In other words, the obstacles – jitter, wander, latency, and ease of setup and use – must be tackled on the most basic technology level. And when a technology is designed with these criteria in mind, it can result in a digital audio network that overcomes the limitations of analog while maintaining its simplicity.

Like all new technologies, audio networking still has challenges to overcome. Right now the reality is that every digital audio network is a compromise, and all network developers must live within the limits of basic physics.

Managing jitter, wander, and latency while providing systemic flexibility are inherently at odds with one another. Systemic flexibility can affect clocking scheme, node connection topology (serial versus parallel versus combined), timing (as many applications are in real time), and audio fidelity (sample rate conversion, bit depth, and sample rate).

Next generation digital audio networking systems promise to bring us closer to the ideal: the best of analog, digital, and networks. New technology designed specifically for streaming audio in real time is the bold next step for digital audio networks.

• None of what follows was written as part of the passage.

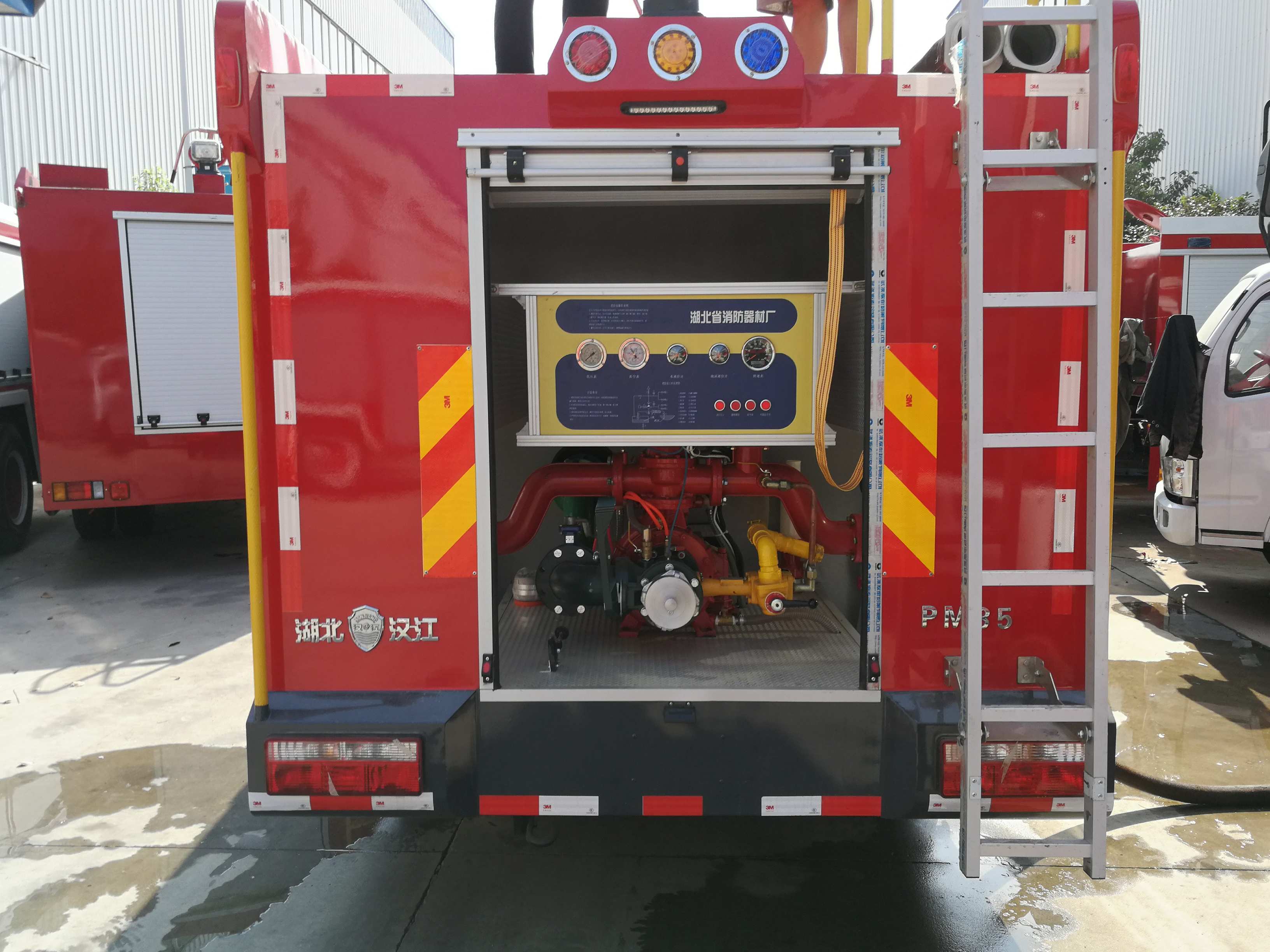 东风5吨水罐/泡沫消防车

Built-for-audio protocols will replace the typical TCP/IP stack, New systems will work and feel like audio gear and require no computer or IT skills. Newer network technology built from the ground up specifically for streaming audio will make use of sophisticated algorithms to limit jitter, wander, and latency at the system level.

In fact, these next generation systems promise to meet the AES11 specifications for timing accuracy even when multiple devices are daisy chained in extended serial runs. At the same time, next generation digital audio networks will support a range of sample rates, without requiring sample rate converters.

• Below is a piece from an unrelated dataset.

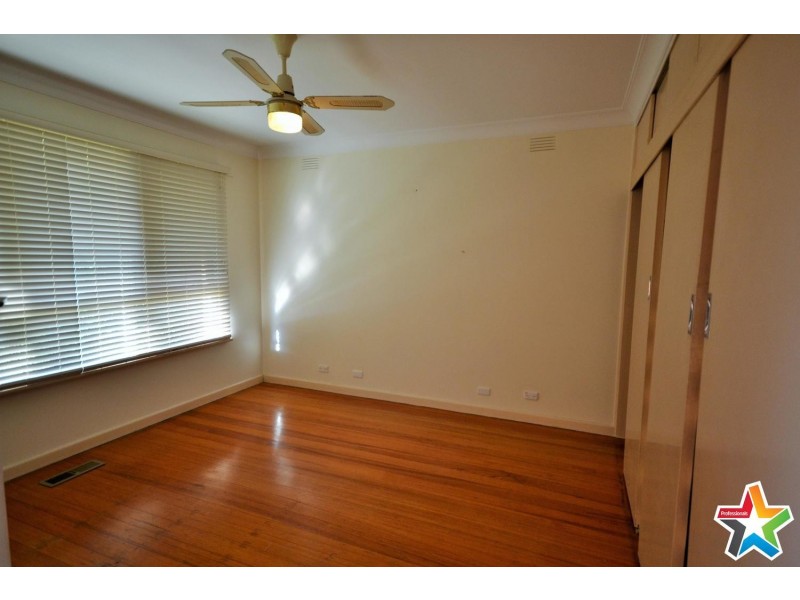 34 Sweetland Road, Mooroolbark VIC 3138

They will offer flexibility in system topology architectures, allow longer cable runs, and have no signal flow directional constraints.

What else do we want? Fatter pipes with more channels, sophisticated redundancy schemes, flexible embedded control, plug-and-play use, ubiquitous inter-manufacturer adoption, low system cost, and a proven successful track record. In time all of this will come.

The next step, though, is to achieve clean audio transmission without any audio artifacts or signal degradation in large, flexible, easy-to-use networks.

Carl Bader is the president and CEO of Aviom. He has spent the last two decades of his career thinking about the challenges of digitizing an analog audio world.